Task goal: Beginning with the line where "Matelas Ressorts Ensachés" appears, set down each line exactly until the records below end, and omit the pictures.

-- Supplied records follows --

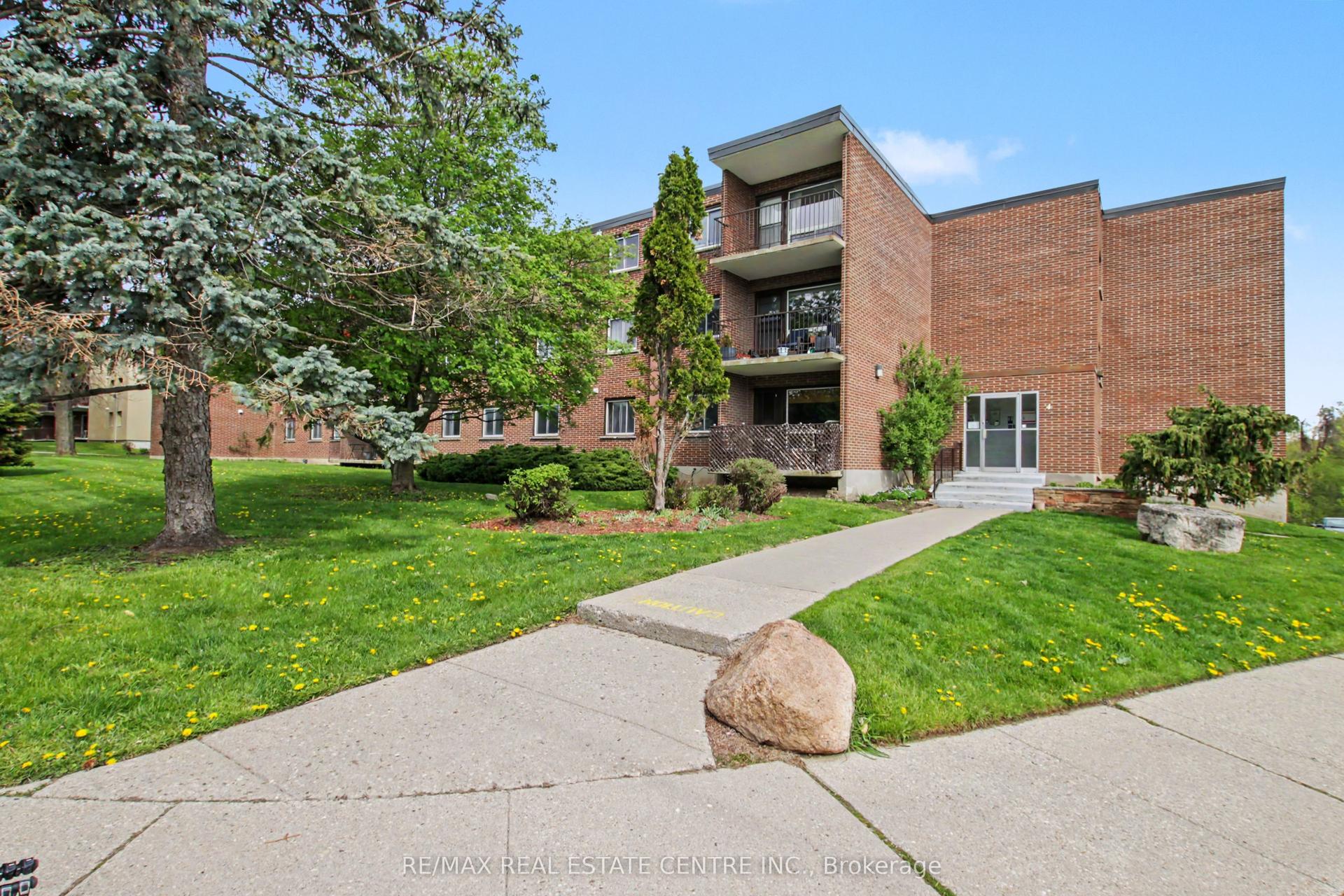 4 Avalon Place 105 #105 — photo 1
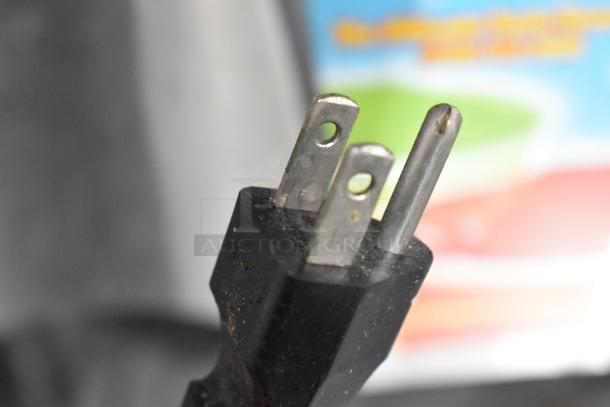 Close-up of a power plug for a Bunn ULTRA-2 commercial slushie machine, 120 volts, 1 phase.
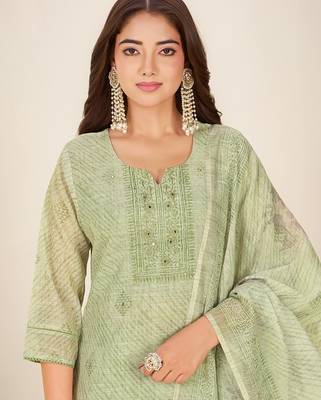 Green linen printed hand embroidery kurta set with dupatta 5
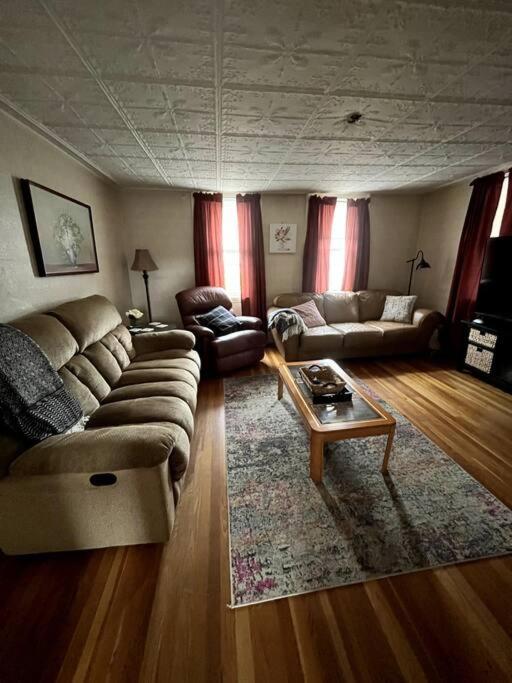 Cute 6-Bedroom Getaway In The Heart Of Littleton Zewnętrze zdjęcie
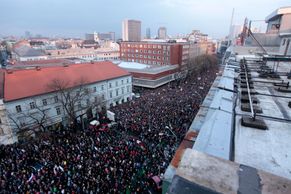 "Chceme předčasné volby." Slováci znovu vyšli do ulic, v Bratislavě jich demonstrovalo 65 tisíc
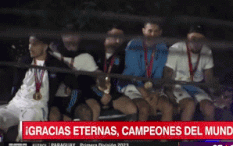Video: Messi và các cầu thủ Argentina suýt rớt khỏi xe buýt vì dây điện cao thế
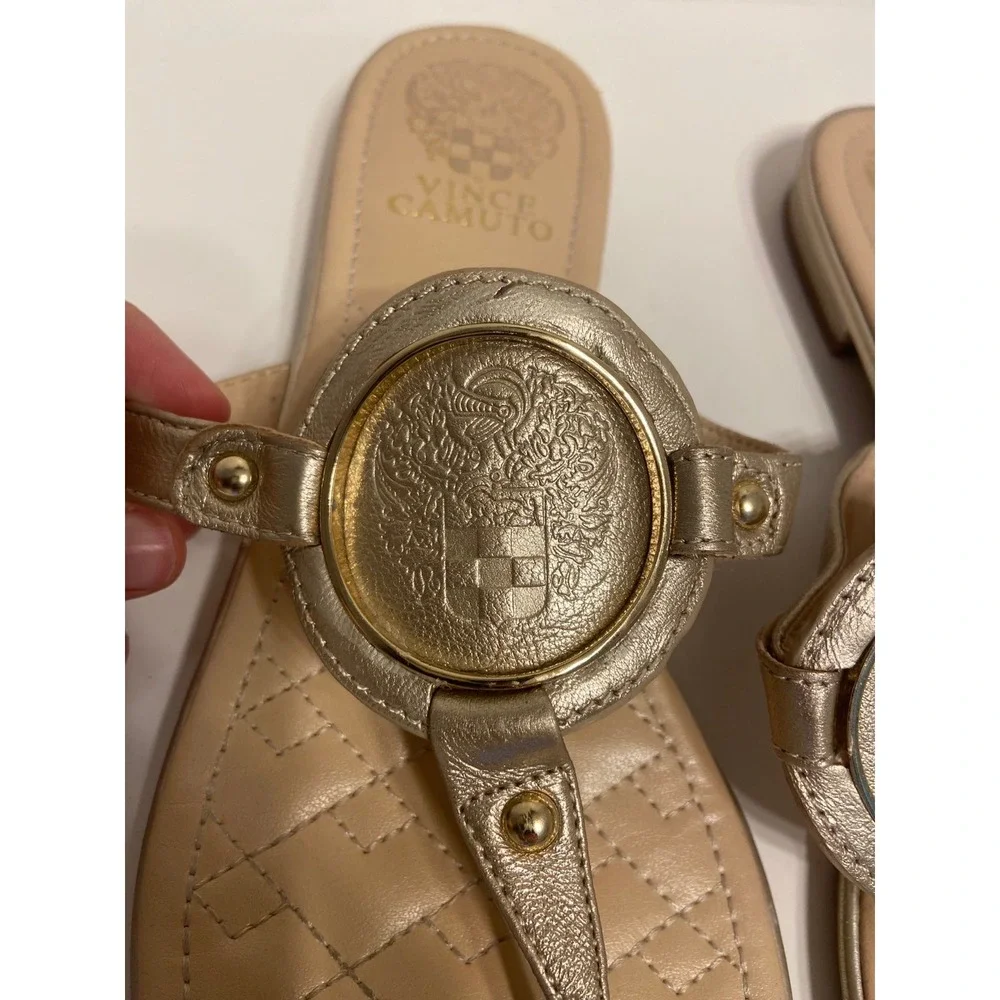 Vince Camuto Size 9 M BRAIDA Oyster Metallic Gold Bushun Leather Thong Sandals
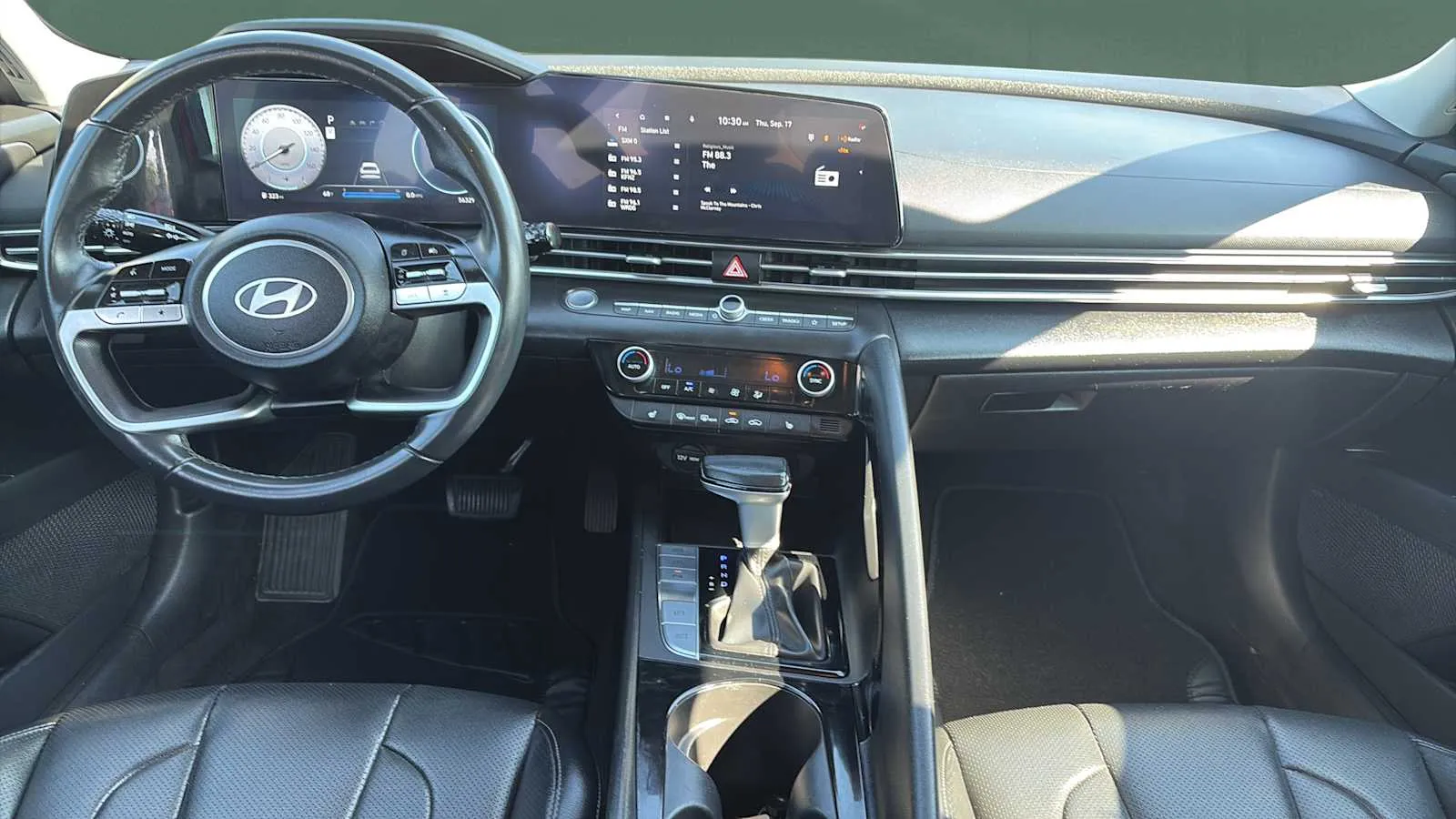 Hyundai Elantra photo 19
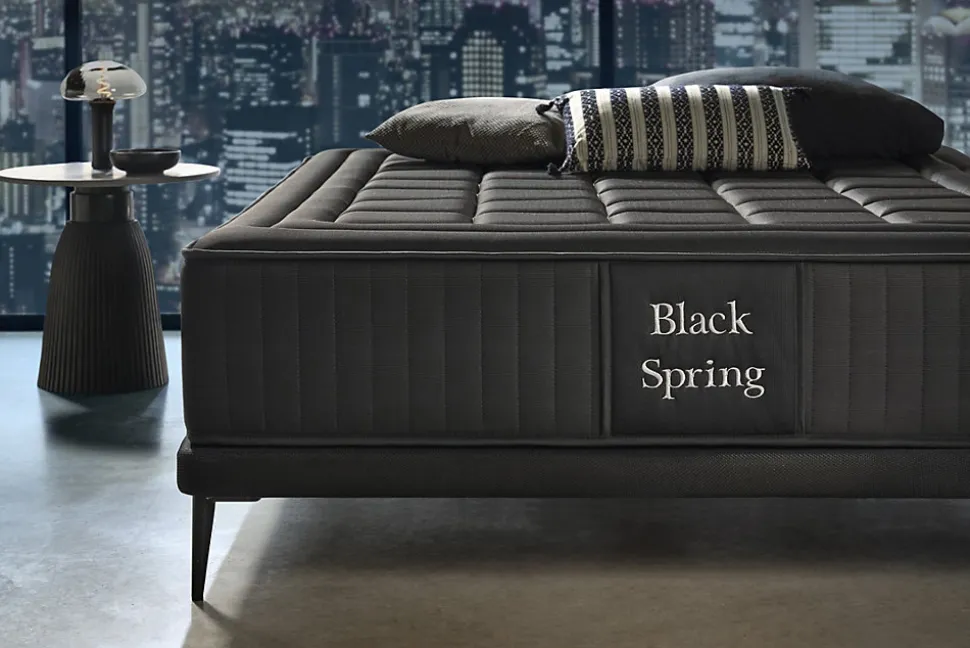 Matelas Ressorts Ensachés Black Spring Royal, 30cm, 140x190cm - Moonia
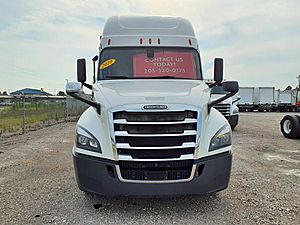 2020 Freightliner Cascadia - Sleeper Truck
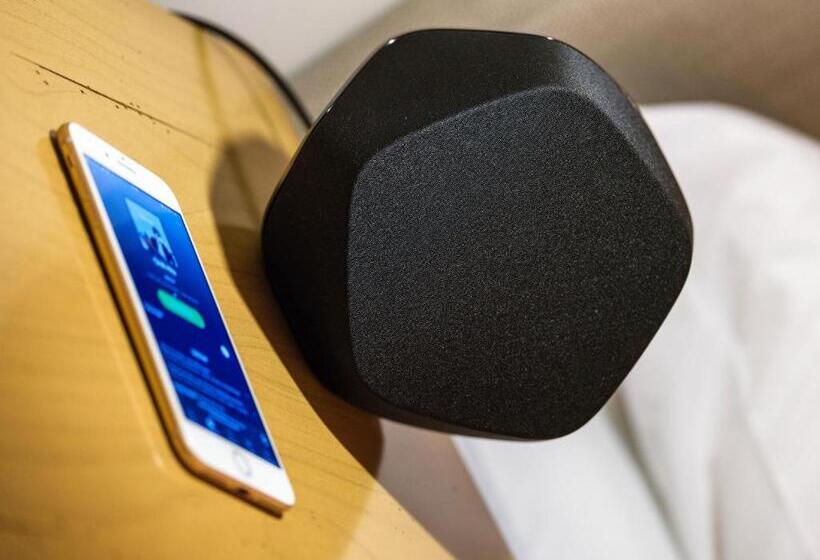 스탠다드 룸, Gloria De Sant Jaume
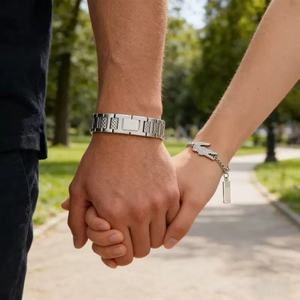 Nuevo Brazalete Curvo de Moda para Hombre, Brazalete de Acero Inoxidable Ajustable con Grabado de Cocodrilo - Product Image 1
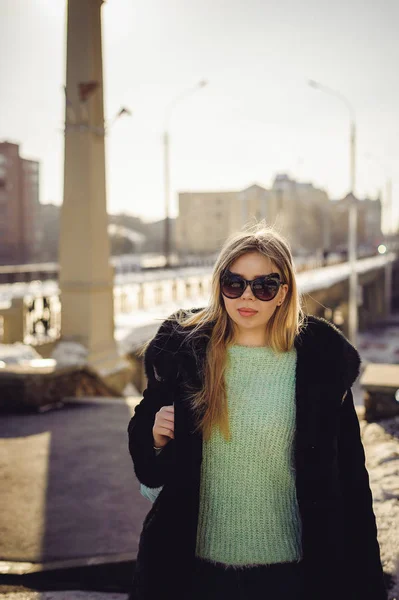 스웨터 선글라스에에서 여자는 배낭에 스트리트 — 스톡 사진
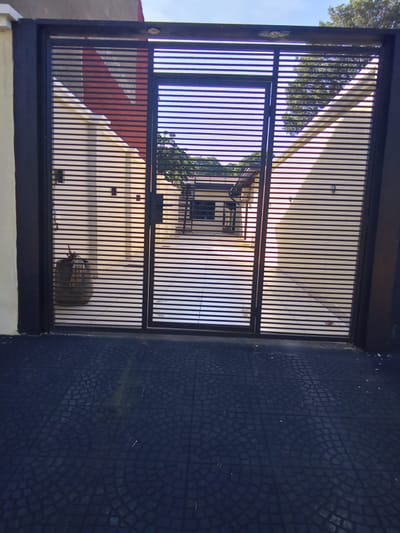 ALQUILO CASA EN LAMBARE ZONA SUPER 6 LAMBARÉ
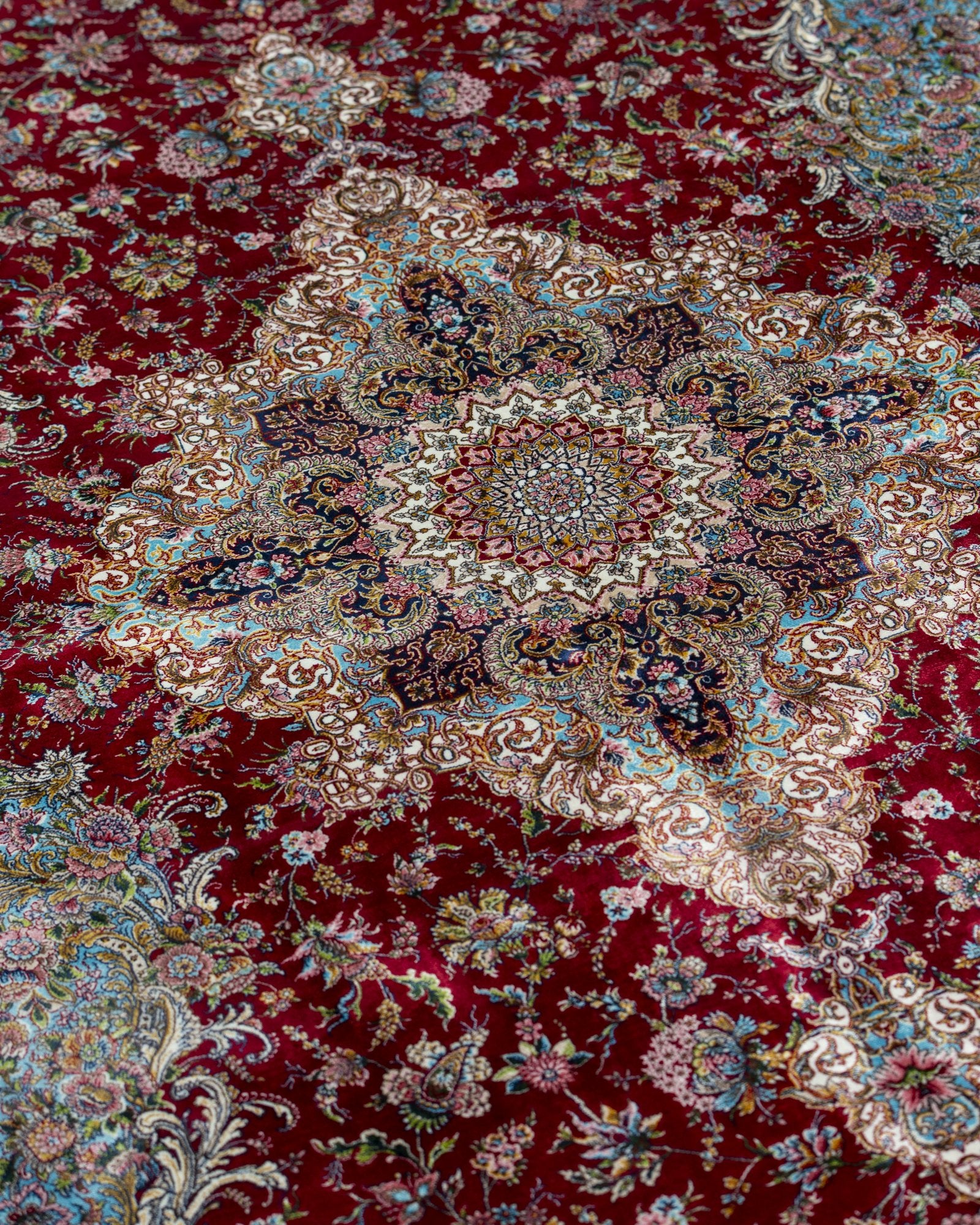 Roxana Persian silk carpet corner and fringe detail, red 225x150 cm - Tabeer Homes Dubai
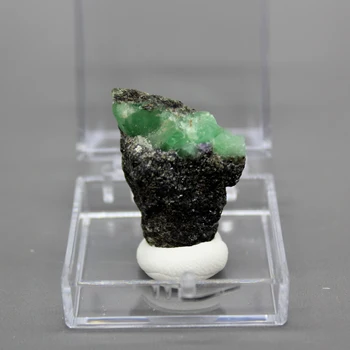 Dabīgais zaļais smaragds minerālu gem kvalitātes kristāla paraugi akmeņiem un kristāliem kvarca kristāli kastes izmērs 3.4 cm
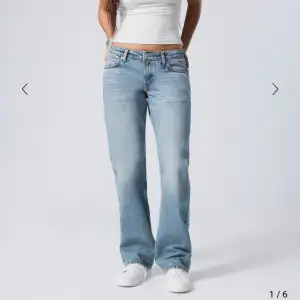 Superfina jeans från weekday, är sparsamt använda så är i nyskick. Lite mörkare nyans i verkligheten, slutsålda i denna storlek på hemsidan. Nypris 600kr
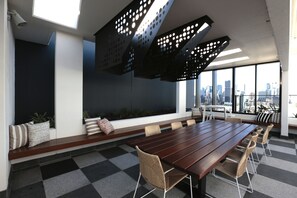 Outdoor dining - Opera Apartments South Brisbane (South Brisbane)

-- Supplied records concluded --

Exercise response:
 Matelas Ressorts Ensachés Black Spring Royal, 30cm, 140x190cm - Moonia
 2020 Freightliner Cascadia - Sleeper Truck
 스탠다드 룸, Gloria De Sant Jaume
 Nuevo Brazalete Curvo de Moda para Hombre, Brazalete de Acero Inoxidable Ajustable con Grabado de Cocodrilo - Product Image 1
 스웨터 선글라스에에서 여자는 배낭에 스트리트 — 스톡 사진
 ALQUILO CASA EN LAMBARE ZONA SUPER 6 LAMBARÉ
 Roxana Persian silk carpet corner and fringe detail, red 225x150 cm - Tabeer Homes Dubai
 Dabīgais zaļais smaragds minerālu gem kvalitātes kristāla paraugi akmeņiem un kristāliem kvarca kristāli kastes izmērs 3.4 cm
 Superfina jeans från weekday, är sparsamt använda så är i nyskick. Lite mörkare nyans i verkligheten, slutsålda i denna storlek på hemsidan. Nypris 600kr
 Outdoor dining - Opera Apartments South Brisbane (South Brisbane)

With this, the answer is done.